Centennial year was filled with celebrations and endless activities across the country and we didn’t miss any of them when they were in our area. My two older sisters were able to actually visit Expo 67 which was Canada’s main celebration during its centennial year and was considered the pinnacle of the celebrations. It was a Category One World’s Fair held in Montreal, Quebec from April 27 to October 29, 1967. According to Wikipedia,

“it is considered to be the most successful World’s Fair of the 20th century with the most attendees to that date and 62 nations participating.”

My adventures were closer to home. As a family we saw saw the Canadian Armed Forces Tattoo performed by the members of the Canadian military comprised of 1,700 military personnel from all three branches of the armed forces — the largest peacetime event in Canadian military history at the time.

We went to air shows that featured two Avro 504K planes, Canada’s first military aircraft that had been restored by The royal Canadian Air Force. They were joined by an acrobatic flying team called the Golden Centennaires, the predecessors of the Canadian Snowbirds.

We were lucky enough to see the RCMP Musical Ride and Band which toured the country and actually made its first visit to the Canadian Arctic that year.

Perhaps my favourite thing was The Confederation Train, a diesel locomotive with specially designed coach cars filled with exhibits showcasing Canadian history and culture. Front and centre on the nose of the engine was the Centennial logo.
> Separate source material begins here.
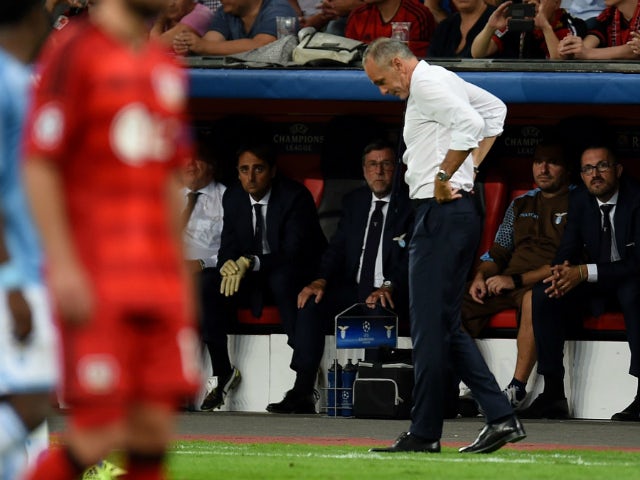 Lazio's headcoach Stefano Pioli reacts during the UEFA Champions League playoff football match between Bayer Leverkusen and SS Lazio, in Leverkusen, western Germany, on August 26, 2015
In purple and white along the sides of the car was “CANADA 1867 1967”. The Centennial Train started out on the west coast in Victoria, BC, January 9th 1967 and worked its way out to the east coast, reaching Nova Scotia in October. It made its final stop in Montreal in December.

There were also Centennial Caravans, which were tractor-trailers, travelling throughout smaller areas carrying similar exhibits to the train.

Music also played a big part in the celebrations. On a personal note, I was part of a choir that performed “100 Years in Song”, something, over the years, my family has regretted as I still sing the song, “I Don’t Want To Play In Your Yard” (1894) that was my featured duet with my friend Susie.

My niece recently walked in on me singing it to her young daughter. The little one was sitting there with a horror struck look on her face and her hands over her ears. Her mother immediately said, “Oh, no! Not the song!

I always pictured the reaction to be more like this than one of horror.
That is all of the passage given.